Quel est votre opinion quant au dit "conflit mapuche" dans la région de l’Araucanie, au Chili ?

Fabien Tillon : Nous sommes complétement d’accord avec le discours que tient Frédéric 1er, le prince du Royaume d’Aracaunie et de Patagonie. C’est le royaume fondé par Antoine de Tounens. Il existe toujours ! C’est très symbolique, bien sûr, mais il y a un conseil du royaume qui entoure le roi. Ce dernier travaille avec ses instances royales, composées de Mapuches, avec des associations, des ONG, notamment Auspice Stella qui défend la cause mapuche dans le monde. Frédéric 1er a réuni des témoignages d’exactions de l’armée ou de la police chilienne et les a présentés, il y a quelques années, devant la Cour internationale de Justice. L’objectif étant, d’assigner l’état chilien en justice pour différents méfaits, et notamment la tentative d'éradication d’un peuple et de son histoire. Le sujet dans son ensemble est complexe et, en tant que Français, je ne me permettrai pas de juger. Mais il me semble que les victimes sont quand même les Mapuches, même si on peut comprendre les nécessités de développement économique du pays...

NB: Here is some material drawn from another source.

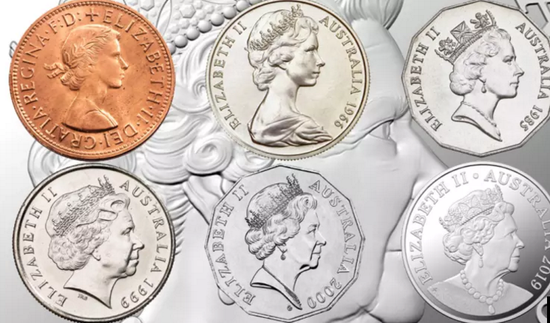 澳大利亚6个版本的硬币设计.(图源:外媒)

Gaël Remise : Moi j’ai une sensibilité écologique, et j’essaye de retourner à des choses simples, qui sont proches de la Terre et de la nature... Et donc, en ce sens, la culture mapuche m’intéresse. Je pense qu’ils ont beaucoup à nous apporter. Mais notre livre n’est pas une bande dessinée coup de poing. D’ailleurs, le titre le montre très bien, on peut y voir plein de messages : le vent comme "l’absurde", le vent comme le "néant" ou même le vent comme la "révolte". Chacun possède sa propre interprétation. Toutefois, notre travail reste avant tout une humble BD sur l’aventure d’Antoine de Tounens en Araucanie et en Patagonie.